There had, in fact, been no such evacuation order, but it is a demonstration of just how precarious the situation in the middle of a war zone is.
On the Tuesday (17 October), after my conference speech at about 5pm, I was in my hotel room when Elizabeth called, again in great anguish telling me they had been hit. It transpired a house around 70 metres away had been bombed, but the blast had smashed all the windows and mirrors in the family home.
The impact of what’s going on has been felt by all of the family. My 14-year-old step-daughter, Maya, is very close to her gran, and well aware of the situation. We could shield Amal, our four-year-old, a bit more. But even she began to understand that granny was in a place called Gaza that wasn’t safe, and that we were trying to get her home.
Fuel supplies were low, and twice my in-laws travelled to the Egyptian border as they heard Rafah might be opening. Unfortunately, both times they had to head back. They described this as the hardest journeys they have had to make.
The Foreign Office sent us a list around 1am on Friday 3 November from the Egyptian government, which confirmed that my in-laws’ names were on a list to cross. At around 10am that day we received confirmation they were in Egypt. I have never felt relief like it. But until we actually saw them, safely in Scotland, I don’t think we quite believed they were coming home.
As you can imagine, there have been lots of tears and hugs since their arrival. I have never seen my father-in-law cry; he isn’t one to display much emotion, but he was inconsolable when he told me he had to say goodbye to his mum, son and grandchildren.
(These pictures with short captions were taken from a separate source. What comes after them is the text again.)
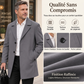 Trench-coat classique homme à simple boutonnage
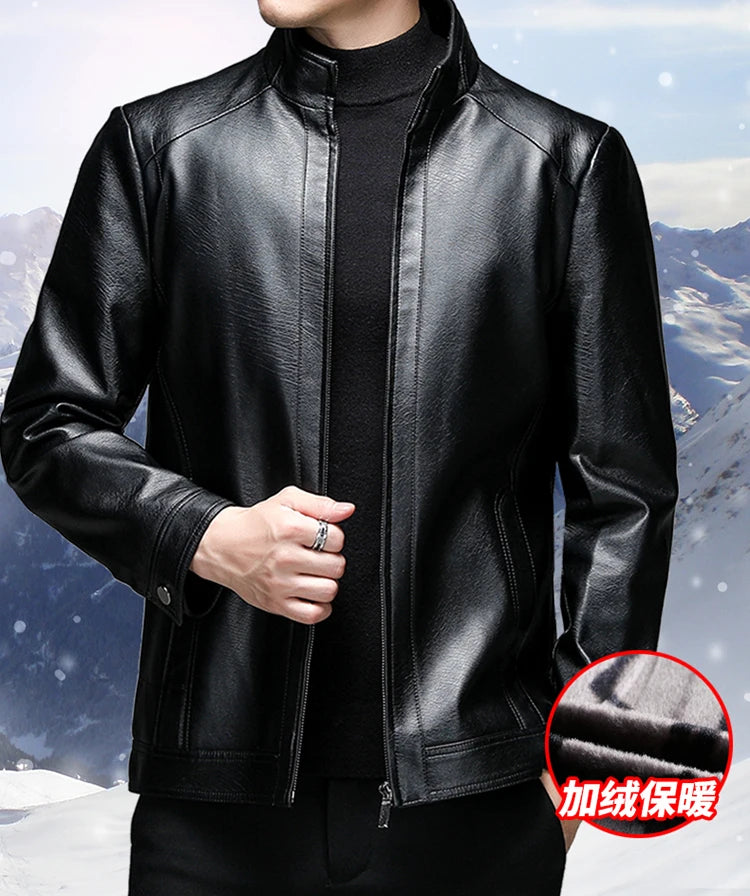 Genuine Leather Jacket Men Clothing Spring Goatskin Jackets for Man Business Casual Thin Coats Jaqueta Masculina Couro Legitimo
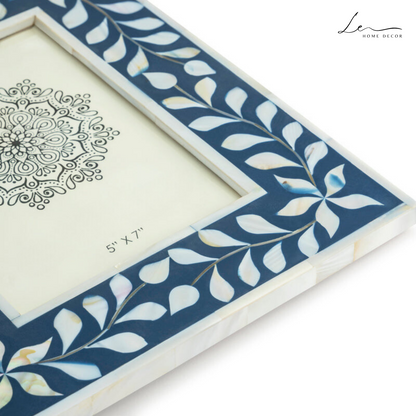 Pearl Picture Frame - Blue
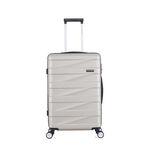 3 Piece Set Abs Trolley Case Horizontal Stripes Champagne image number 3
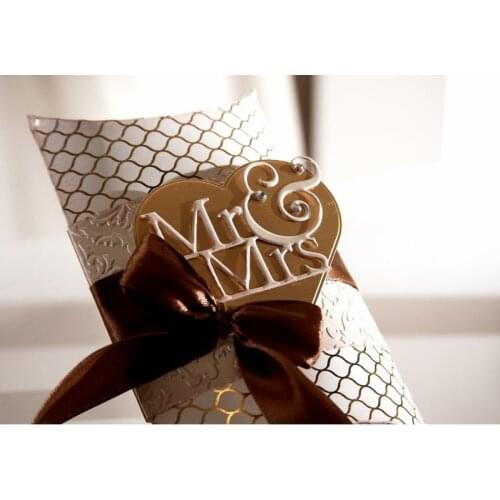 Mr Mrs Words Metal Cutting Dies For DIY Scrapbooking Embossing Wedding Paper Cards Making Decorative Crafts Supplies New 2018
Both my in-laws describe a heavy burden of guilt that they escaped but have left so many behind in Gaza. They are now safe, but millions are not.
Others will never come home, including Bernard Cowan from Scotland, murdered by Hamas. The service of solidarity at Giffnock Newton Mearns Synagogue in Glasgow, where I met with Bernard’s mother, was a stark and cruel reminder of our common humanity and shared grief.
As for my mother- and father-in-law, they may never fully recover from the trauma they have experienced. I’m not qualified to say. They arrived back home on Bonfire Night. As my father-in-law was talking to a neighbour, a firework went off which made him jump.
My mother-in-law cannot understand how the world has not intervened to stop the mounting death and destruction. I believe her position to be the fervent wish of the vast majority of people, in this country and internationally. I only hope that all politicians pay heed to this will of the people for a ceasefire.
For now, my family’s phone calls to Gaza continue daily. There is worry about loved ones left behind, and whether we will ever see them again.